Nous nous sentions seuls, séparés de tout par cette brume et c’était angoissant… comme toutes les solitudes absolues.

Il arrive aussi à notre âme d’être enveloppée de brouillards si épais qu’elle ne les perce, ni en haut, vers le ciel, ni en bas, vers la terre. C’est la solitude morale, la plus triste qui soit !

On ne saurait vivre un peu profondément sans avoir connu ces brumes où l’âme dérive sans presque s’en douter.

Elle est partie insouciante, en quête d’une joie légère, ou d’un bonheur qui l’appelle. Il lui semblait savoir où elle allait, le but était là, tout près. Mais peu à peu le brouillard est monté, s’est étendu, l’a séparée de tout ce qui lui était familier, lui cachant le ciel d’où vient la lumière, et la rive où elle pourrait aborder. La brume s’épaissit et l’angoisse grandit ; elle a beau scruter l’horizon… elle est seule et ce qu’elle croyait connaître a changé de formes… l’inconnu immense où elle s’épouvante est d’autant plus dangereux qu’il est si vague.

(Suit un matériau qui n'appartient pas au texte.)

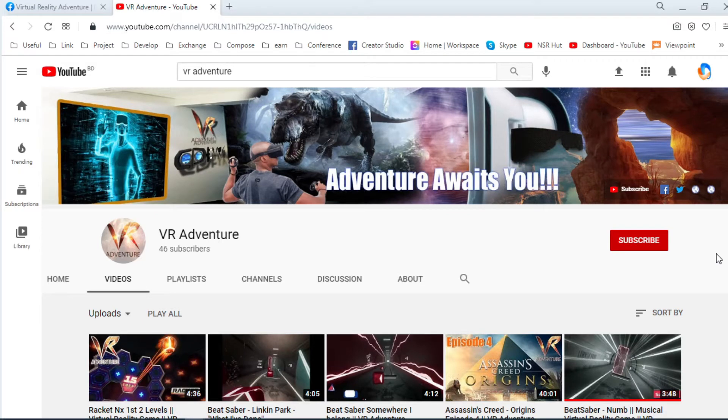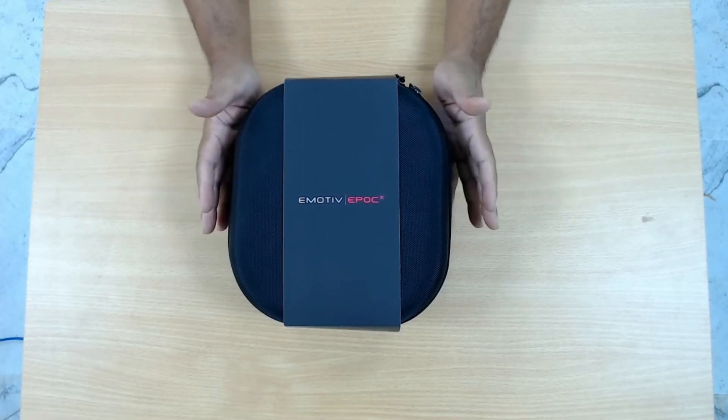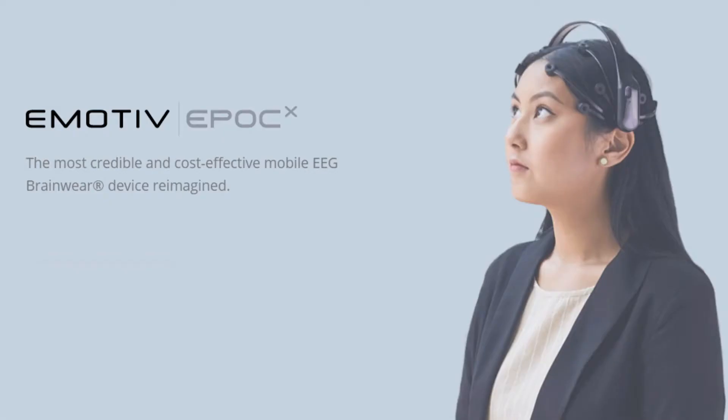Hello everyone, welcome to Virtual Reality Adventure. Today we are very excited to unbox something very research related — that is this box. It is named Emotiv Epoch X.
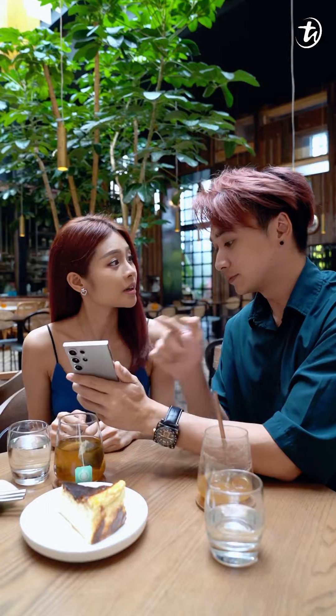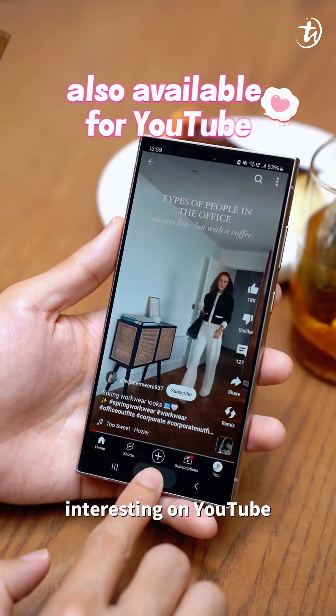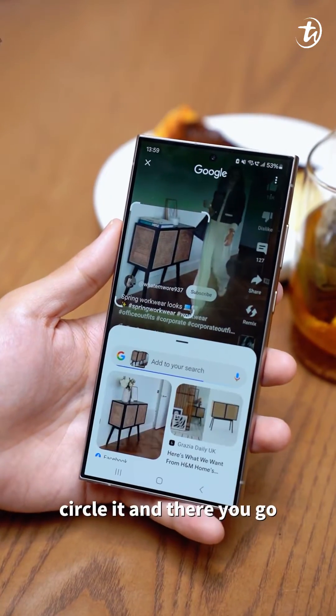Wow, one more thing I can circle with. Let me show you. If you see something interesting on YouTube, just long press the home button, circle it, and there you go.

L’angoisse qui la saisit est cependant une bénédiction, car combien d’âmes, perdues dans la brume, s’abandonnent lasses et découragées et ne luttent plus pour sortir du danger.

Hier soir, la puissante lumière d’un phare a pénétré le brouillard et a fini par nous orienter, mais nous n’avons respiré à l’aise qu’en mettant pied à terre et en nous heurtant à de vraies pierres.

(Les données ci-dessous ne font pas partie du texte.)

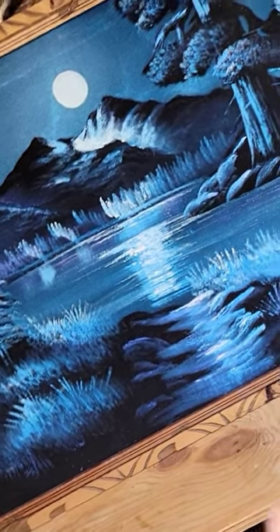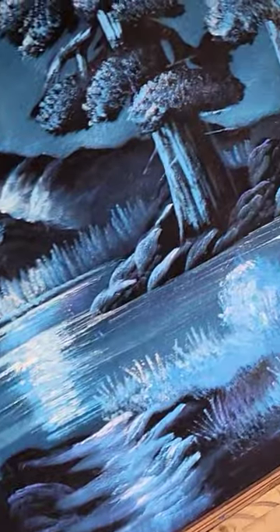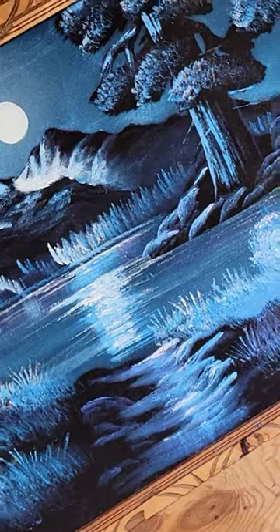Now here's the thing. There's damage on it and I actually repaired it, and I'm not going to show you where it is. But it's somewhere on there. If you look really close, you might see it. Look real close.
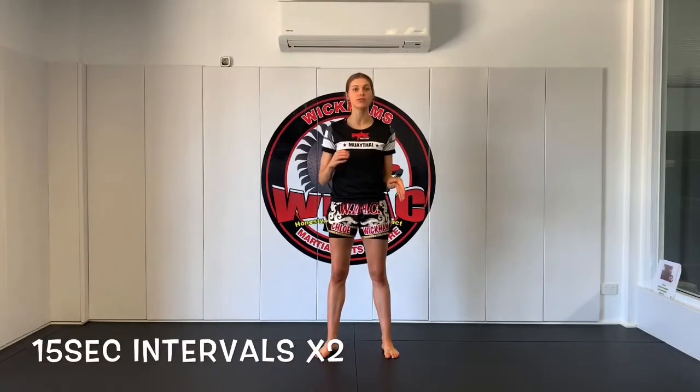Alright, welcome back. So today we're going to be doing a quick cardio session followed by a technique combination focusing on removing that leg from a catch when the person does a round kick, and then after that we'll work on an activity. So let's get started. Today's warm up we're going to start off by doing a cardio session doing 15 second intervals of different techniques.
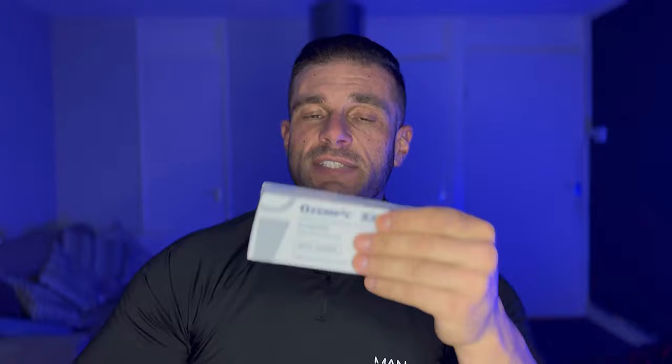Hi guys, my name is Chris and in this educational video I'm going to discuss Ozempic. The reason I'm discussing it right now is because it's a real hot topic, with a lot of people wanting to lose weight, and this is the most effective weight loss tool we have.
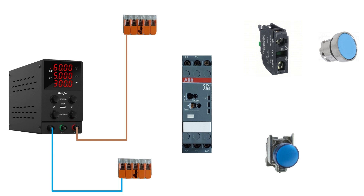First, I will connect the A2 terminal on the timer relay to the 24 voltage minus WAGO connector.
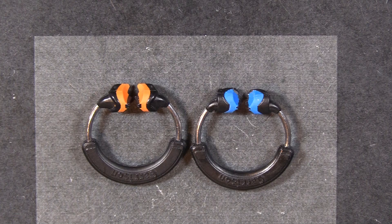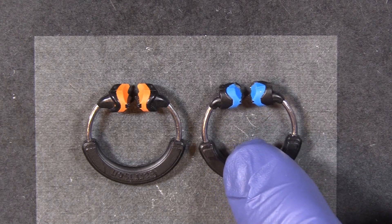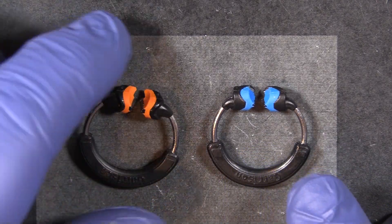Hi everyone, this is Kevin with Garrison Dental Solutions. Today we're going to take a look at the ring on the right, the 3D XR. The XR stands for extra retention. It is a descendant of the orange ring, the 3D 500.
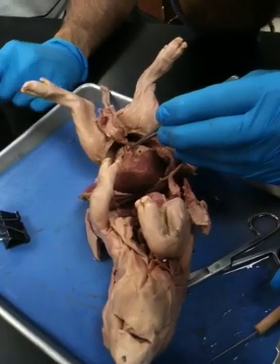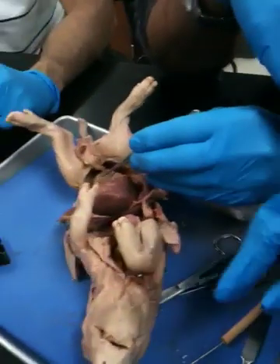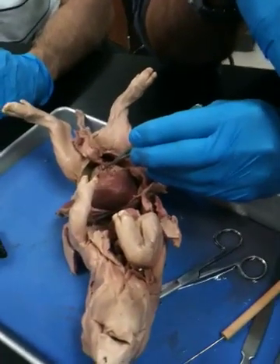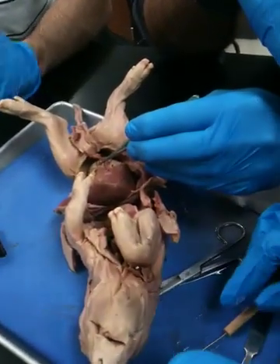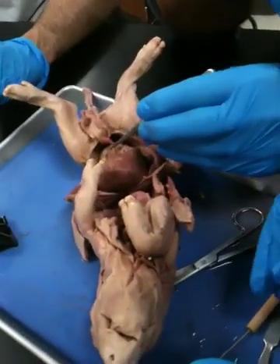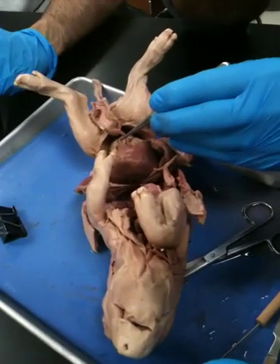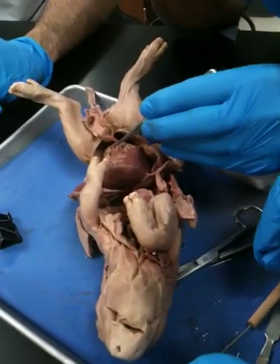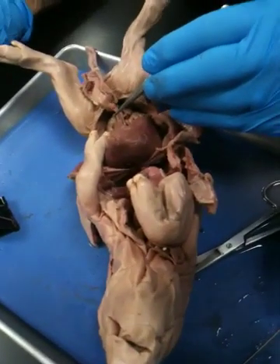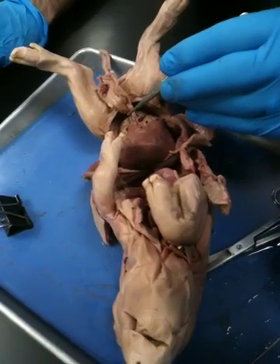Well, it turns into the round ligament afterwards. What's that word for round? Ligamentum rotundum. So what was it before it was cut? A blood vessel. What was it attached to? The umbilical cord. Therefore, the name would probably be... umbilical.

Dieu merci, dans la vie comme sur la mer, il y a des phares d’où la lumière peut atteindre les pauvres âmes qui s’égarent dans la brume. Mais pour la voir et en recevoir du secours, il ne faut pas fermer les yeux, s’étendre inerte et renoncer à chercher.

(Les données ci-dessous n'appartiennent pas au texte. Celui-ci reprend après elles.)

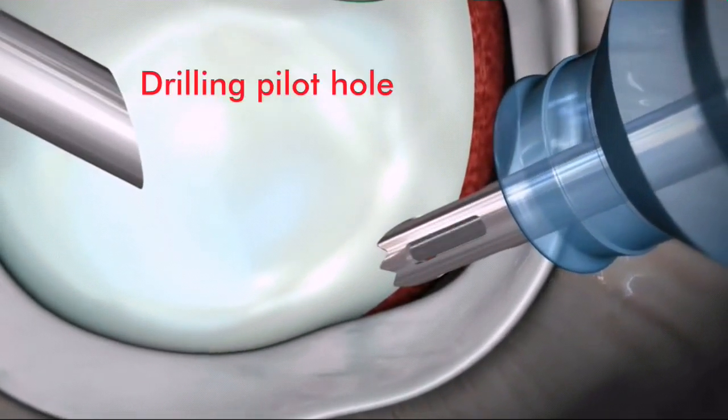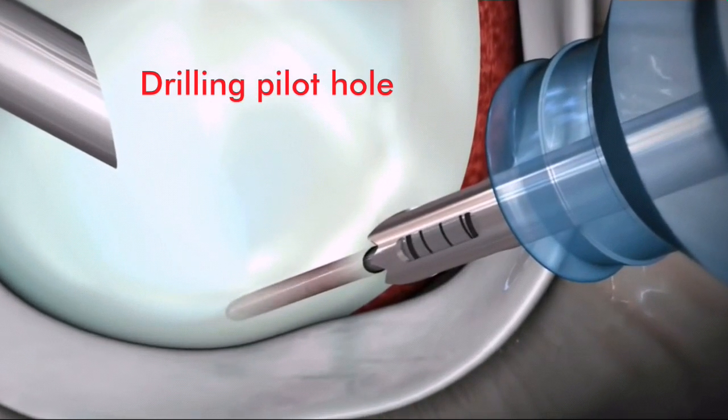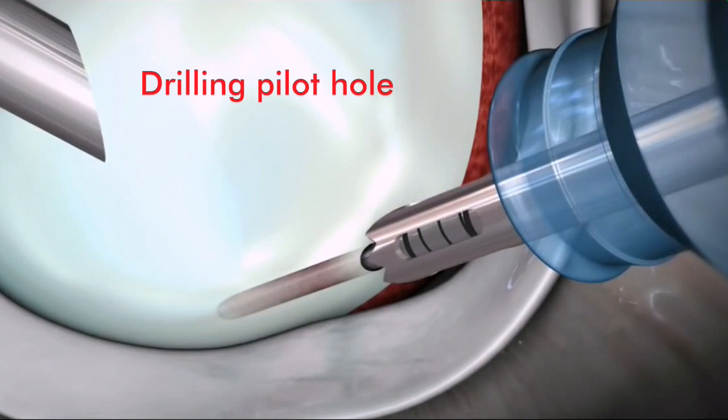Drill a pilot hole with the Y-knot drill, stopping when the laser markings on the drill bit fill the distal window in the drill guide.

Savez-vous que j’ai des remords, ce soir, de vous avoir recommandé, jeudi dernier, de mettre du rêve dans votre vie ? Le rêve est si souvent créateur de brouillards qui nous cachent la Beauté et la Laideur, et les conséquences de nos actes…

Ah ! mes amis, rien n’est si difficile que de donner des conseils ! C’est bon pour les philosophes et les vrais sages qui sont « déjà entrés dans la victoire de l’âme ». Ceux-là sont des lumières qui savent guider et conseiller.

Mais au-dessus des sages et des saints de la terre, il y a, heureusement, Dieu, qui ne nous perd jamais de vue et qui nous protège même quand nous ne le voyons pas nous-mêmes.

Y a-t-il au monde une vraie mère qui doute de ce miracle de sollicitude ?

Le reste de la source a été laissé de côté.